A beauty pageant contestant with brains to boot.
Chayla Delorme Maracle is just 24 years old and is both Cree and Mohawk from the Cowessess First Nation in Saskatchewan and from Tyendinaga Mohawk Territory in Ontario. She competed as Edmonton’s Miss World Canada delegate in the pageant this past May and went home with the third place in International Costume with her beautiful jingle dress.
Chayla Delorme Maracle is not your typical beauty pageant contestant. In fact she fell into the pageant life when she was recruited through her Model Mayhem profile. She is in her third year in the Faculty of Arts at the University of Alberta where she is majoring in Psychology, and minoring in Native Studies. Her goal is to become a psychologist to meet the needs of Aboriginal peoples.
Her top three role models in her life are; her mother, her grandmother, and retired Psychologist Dr. Sudha Choldin, who worked to service the Aboriginal community in Edmonton.
“With my mom being a social worker in Edmonton, she really sees the need for there to be an Aboriginal psychologist, and that’s one of the reasons that I’m going to school and want to get my masters and PhD for Psychology,” she says.
“Our culture is so strong and powerful, it’s one of the most beautiful and powerful things I’ve ever experienced in my life. I realized this once I started sundancing,” she says. “It was a feeling that I’ve never felt in my life ever felt before and that’s really what helped me become sober. I realized that this connection with my culture and the Creator was way more meaningful than drugs and alcohol and trying to fit in into the society where I wasn’t who I really was.”

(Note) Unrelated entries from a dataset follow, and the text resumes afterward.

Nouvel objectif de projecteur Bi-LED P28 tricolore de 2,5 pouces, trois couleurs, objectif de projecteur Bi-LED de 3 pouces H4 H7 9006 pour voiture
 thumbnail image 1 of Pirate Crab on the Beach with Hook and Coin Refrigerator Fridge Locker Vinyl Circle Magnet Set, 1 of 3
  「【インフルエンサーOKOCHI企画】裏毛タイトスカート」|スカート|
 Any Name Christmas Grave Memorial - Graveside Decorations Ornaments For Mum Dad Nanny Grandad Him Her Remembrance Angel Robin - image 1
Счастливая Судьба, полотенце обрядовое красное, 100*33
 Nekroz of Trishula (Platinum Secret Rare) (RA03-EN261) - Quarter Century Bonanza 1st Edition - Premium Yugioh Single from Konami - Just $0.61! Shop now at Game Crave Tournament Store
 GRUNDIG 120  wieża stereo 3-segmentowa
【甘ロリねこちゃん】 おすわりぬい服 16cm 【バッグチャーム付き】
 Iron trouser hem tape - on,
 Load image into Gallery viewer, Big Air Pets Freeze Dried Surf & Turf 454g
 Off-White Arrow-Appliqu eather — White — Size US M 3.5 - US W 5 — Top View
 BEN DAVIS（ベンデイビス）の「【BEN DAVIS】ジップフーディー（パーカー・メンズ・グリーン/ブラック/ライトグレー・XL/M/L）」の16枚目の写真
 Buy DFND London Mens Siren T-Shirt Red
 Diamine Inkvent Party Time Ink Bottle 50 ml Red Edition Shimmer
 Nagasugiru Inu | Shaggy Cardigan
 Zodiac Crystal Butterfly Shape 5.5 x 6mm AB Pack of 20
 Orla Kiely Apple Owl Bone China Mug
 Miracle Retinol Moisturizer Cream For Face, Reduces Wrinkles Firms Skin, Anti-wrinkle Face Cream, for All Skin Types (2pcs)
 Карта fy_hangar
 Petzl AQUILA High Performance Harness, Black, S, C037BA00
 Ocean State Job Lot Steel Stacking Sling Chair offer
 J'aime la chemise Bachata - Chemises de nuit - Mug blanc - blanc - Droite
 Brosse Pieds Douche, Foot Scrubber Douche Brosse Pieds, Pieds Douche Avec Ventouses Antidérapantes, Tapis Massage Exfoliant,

“Sometimes after I’m done dancing I will just feel like bawling,” she says. “It’s a pure happiness and a pure love. It’s so hard to explain but it’s just like this feeling like even though you are crying it just feels so good.”
Delorme Maracle is a seasoned jingle dress dancer and has been on the pow wow circuit for over eleven years. She uses her background in learning Native culture and pow wow dancing to work with high-risk Aboriginal youth in Edmonton, which she enjoys very much.
“A lot of them suffer from disorders like FASD and ADHD,” she says. “ A lot of workers have said they are surprised at how well the kids listen when I come there and that’s one of the things that I feel is needed is a positive role model who lives a sober lifestyle, identifies with their culture, and is proud of their culture.”
“It’s all very exciting and I practice my faith a lot, so I believe that the Creator will always put me in the direction that I was supposed to be going in,” she says. It’s the cultural strength coupled with determination that will enable Chayla Delorme Maracle to be an outstanding role model for young Aboriginal women for years to come.